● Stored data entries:
== Segment start ==

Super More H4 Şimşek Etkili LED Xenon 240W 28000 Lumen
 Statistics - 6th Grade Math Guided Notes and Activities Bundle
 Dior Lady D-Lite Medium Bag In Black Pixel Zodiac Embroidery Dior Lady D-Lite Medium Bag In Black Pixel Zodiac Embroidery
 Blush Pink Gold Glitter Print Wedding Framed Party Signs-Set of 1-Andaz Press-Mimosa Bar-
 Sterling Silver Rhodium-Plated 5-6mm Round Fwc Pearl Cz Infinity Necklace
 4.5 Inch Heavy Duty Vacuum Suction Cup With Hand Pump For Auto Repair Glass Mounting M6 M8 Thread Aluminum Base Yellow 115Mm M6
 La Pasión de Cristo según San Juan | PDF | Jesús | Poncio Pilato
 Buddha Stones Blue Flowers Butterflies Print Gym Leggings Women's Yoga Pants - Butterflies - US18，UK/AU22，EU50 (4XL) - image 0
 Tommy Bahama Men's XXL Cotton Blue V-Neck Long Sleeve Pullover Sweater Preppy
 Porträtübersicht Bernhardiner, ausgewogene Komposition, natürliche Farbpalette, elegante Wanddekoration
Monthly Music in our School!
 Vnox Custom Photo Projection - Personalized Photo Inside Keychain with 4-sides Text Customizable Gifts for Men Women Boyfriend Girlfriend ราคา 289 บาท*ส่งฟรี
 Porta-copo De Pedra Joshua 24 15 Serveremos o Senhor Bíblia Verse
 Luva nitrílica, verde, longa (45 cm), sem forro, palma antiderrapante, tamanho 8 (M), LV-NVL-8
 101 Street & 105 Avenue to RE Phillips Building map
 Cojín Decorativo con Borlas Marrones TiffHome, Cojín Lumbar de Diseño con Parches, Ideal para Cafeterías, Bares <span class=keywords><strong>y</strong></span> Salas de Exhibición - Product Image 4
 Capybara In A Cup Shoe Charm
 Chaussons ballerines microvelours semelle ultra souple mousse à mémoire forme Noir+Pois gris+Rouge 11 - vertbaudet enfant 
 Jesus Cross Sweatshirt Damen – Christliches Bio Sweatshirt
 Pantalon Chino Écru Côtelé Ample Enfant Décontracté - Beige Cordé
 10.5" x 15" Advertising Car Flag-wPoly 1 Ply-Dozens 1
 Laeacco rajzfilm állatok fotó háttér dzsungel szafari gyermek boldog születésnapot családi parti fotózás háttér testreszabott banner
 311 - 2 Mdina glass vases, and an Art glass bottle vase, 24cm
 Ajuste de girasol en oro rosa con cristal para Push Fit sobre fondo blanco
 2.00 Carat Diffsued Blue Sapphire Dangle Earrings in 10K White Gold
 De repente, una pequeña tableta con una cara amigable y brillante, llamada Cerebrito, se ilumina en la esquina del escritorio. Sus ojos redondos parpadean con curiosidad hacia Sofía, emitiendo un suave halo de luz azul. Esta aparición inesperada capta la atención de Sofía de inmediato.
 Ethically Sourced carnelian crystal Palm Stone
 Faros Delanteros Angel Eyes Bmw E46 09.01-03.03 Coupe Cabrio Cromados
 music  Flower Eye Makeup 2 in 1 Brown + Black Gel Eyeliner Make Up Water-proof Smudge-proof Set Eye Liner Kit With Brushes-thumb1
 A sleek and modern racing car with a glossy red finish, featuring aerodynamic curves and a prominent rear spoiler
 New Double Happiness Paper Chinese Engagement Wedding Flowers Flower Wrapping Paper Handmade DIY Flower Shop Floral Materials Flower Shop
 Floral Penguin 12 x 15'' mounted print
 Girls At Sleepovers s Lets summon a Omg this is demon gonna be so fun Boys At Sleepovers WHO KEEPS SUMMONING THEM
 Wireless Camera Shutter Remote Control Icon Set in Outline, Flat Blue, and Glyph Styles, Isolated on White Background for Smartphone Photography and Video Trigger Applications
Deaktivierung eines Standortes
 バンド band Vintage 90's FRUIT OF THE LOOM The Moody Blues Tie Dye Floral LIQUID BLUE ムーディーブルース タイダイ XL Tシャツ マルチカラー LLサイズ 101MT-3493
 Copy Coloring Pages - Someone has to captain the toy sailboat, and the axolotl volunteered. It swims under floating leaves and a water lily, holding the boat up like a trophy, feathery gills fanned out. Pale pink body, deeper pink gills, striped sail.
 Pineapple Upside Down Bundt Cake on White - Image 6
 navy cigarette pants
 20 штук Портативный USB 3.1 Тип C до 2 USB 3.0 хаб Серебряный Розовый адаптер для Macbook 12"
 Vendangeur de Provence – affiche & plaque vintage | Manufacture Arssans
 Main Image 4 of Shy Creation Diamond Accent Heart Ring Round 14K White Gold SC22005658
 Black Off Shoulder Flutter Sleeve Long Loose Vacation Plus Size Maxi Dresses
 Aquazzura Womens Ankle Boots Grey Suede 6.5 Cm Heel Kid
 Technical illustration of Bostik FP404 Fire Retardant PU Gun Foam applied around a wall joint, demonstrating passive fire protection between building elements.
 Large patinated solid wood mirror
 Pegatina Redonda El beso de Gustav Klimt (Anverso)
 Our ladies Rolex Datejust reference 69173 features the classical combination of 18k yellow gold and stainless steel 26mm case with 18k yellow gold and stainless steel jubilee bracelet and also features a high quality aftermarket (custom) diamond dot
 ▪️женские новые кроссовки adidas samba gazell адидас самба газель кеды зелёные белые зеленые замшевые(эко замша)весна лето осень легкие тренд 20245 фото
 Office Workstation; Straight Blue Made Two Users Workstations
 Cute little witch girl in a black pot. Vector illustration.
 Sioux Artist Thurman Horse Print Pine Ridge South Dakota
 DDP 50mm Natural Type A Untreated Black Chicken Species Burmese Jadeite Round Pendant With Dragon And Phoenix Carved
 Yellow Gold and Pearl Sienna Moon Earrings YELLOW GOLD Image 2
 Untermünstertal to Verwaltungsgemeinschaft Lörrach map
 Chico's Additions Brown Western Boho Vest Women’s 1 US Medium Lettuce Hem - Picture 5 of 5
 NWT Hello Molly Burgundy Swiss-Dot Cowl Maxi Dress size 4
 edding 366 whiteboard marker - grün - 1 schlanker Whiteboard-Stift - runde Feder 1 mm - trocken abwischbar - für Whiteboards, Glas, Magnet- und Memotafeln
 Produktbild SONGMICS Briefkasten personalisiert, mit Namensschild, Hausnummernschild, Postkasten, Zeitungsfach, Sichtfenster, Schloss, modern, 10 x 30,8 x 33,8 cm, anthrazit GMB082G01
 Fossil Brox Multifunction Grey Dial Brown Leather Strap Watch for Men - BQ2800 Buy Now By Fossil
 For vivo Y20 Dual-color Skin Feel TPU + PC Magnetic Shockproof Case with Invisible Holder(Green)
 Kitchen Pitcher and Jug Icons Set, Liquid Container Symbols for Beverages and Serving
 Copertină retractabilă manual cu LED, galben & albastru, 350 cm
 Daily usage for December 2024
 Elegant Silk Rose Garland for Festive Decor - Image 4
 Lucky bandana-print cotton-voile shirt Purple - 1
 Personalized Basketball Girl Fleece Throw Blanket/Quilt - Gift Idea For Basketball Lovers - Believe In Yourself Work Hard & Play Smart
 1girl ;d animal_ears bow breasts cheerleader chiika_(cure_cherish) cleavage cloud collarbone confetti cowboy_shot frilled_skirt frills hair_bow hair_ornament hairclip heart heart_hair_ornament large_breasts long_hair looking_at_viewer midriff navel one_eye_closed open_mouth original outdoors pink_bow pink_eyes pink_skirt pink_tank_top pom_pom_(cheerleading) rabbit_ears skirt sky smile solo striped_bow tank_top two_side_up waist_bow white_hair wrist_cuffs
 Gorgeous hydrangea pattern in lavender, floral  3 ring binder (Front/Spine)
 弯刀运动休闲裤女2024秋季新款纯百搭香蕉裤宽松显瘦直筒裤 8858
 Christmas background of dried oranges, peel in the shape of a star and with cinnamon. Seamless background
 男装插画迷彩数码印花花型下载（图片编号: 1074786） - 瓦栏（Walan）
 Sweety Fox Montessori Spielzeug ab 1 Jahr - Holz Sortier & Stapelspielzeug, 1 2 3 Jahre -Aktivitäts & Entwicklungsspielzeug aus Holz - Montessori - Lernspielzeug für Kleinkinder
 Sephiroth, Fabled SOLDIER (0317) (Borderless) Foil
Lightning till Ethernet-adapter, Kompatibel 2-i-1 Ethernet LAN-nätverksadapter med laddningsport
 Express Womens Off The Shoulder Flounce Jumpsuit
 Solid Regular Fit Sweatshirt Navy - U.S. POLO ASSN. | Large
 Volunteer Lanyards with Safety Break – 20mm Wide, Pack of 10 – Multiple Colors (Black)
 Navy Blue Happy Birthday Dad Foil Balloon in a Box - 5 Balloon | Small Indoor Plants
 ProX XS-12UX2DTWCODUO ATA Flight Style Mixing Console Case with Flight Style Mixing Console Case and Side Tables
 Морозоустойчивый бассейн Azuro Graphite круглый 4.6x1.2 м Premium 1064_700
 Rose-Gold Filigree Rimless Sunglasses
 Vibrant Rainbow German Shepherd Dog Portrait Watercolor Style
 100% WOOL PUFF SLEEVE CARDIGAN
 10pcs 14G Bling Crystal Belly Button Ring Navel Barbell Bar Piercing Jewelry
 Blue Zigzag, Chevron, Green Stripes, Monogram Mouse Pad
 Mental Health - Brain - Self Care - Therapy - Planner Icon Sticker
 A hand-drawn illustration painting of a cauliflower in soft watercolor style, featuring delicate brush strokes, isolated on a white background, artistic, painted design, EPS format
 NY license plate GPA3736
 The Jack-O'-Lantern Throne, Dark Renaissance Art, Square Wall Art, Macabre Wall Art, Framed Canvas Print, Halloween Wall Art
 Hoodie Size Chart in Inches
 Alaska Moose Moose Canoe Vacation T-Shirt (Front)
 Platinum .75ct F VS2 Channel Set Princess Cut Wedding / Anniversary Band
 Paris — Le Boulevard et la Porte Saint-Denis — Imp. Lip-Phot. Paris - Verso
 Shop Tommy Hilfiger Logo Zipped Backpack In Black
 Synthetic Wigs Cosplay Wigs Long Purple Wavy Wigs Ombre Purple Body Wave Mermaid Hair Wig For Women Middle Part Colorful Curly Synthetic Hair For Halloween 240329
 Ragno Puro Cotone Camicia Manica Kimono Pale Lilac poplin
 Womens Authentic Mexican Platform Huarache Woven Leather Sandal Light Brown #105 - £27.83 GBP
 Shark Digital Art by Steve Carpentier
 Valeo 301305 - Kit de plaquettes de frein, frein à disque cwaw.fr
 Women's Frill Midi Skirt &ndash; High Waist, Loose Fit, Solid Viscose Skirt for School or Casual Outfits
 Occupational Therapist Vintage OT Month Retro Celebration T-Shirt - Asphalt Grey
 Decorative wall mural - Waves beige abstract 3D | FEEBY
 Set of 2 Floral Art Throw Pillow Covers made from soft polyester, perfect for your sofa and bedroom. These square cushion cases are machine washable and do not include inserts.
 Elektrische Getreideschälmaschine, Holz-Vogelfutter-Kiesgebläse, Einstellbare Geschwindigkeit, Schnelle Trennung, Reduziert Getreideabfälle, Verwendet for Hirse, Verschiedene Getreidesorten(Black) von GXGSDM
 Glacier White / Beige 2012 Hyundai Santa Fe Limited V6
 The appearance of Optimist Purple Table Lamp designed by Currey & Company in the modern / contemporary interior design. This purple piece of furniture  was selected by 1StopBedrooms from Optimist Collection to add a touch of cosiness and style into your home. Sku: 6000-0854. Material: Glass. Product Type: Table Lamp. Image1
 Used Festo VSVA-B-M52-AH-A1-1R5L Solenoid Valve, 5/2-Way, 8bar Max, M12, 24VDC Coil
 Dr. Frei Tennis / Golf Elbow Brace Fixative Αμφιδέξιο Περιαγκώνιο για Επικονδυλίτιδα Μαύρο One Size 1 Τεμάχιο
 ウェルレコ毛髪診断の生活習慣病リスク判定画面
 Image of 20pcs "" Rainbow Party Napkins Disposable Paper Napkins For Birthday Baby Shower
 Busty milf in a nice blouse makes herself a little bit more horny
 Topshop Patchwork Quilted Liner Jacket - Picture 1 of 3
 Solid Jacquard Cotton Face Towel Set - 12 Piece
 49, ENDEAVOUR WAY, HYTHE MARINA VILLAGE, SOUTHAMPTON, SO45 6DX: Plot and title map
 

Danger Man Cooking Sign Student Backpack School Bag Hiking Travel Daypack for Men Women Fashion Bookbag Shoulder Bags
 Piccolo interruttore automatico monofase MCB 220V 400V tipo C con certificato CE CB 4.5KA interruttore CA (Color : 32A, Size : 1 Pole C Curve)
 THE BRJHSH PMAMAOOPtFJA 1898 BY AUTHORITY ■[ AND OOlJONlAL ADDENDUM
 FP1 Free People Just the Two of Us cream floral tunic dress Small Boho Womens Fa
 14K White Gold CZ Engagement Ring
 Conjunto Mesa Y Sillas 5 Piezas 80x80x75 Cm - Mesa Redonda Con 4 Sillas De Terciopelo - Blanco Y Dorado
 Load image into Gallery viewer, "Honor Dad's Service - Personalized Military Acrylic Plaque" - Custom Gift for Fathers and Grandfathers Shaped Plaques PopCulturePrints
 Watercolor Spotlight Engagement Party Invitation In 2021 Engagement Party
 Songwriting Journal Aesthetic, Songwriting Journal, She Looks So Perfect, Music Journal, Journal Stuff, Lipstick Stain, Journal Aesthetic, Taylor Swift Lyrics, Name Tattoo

== Segment end ==

From the data, pick out every line that includes "Picture".

 Chico's Additions Brown Western Boho Vest Women’s 1 US Medium Lettuce Hem - Picture 5 of 5
 Topshop Patchwork Quilted Liner Jacket - Picture 1 of 3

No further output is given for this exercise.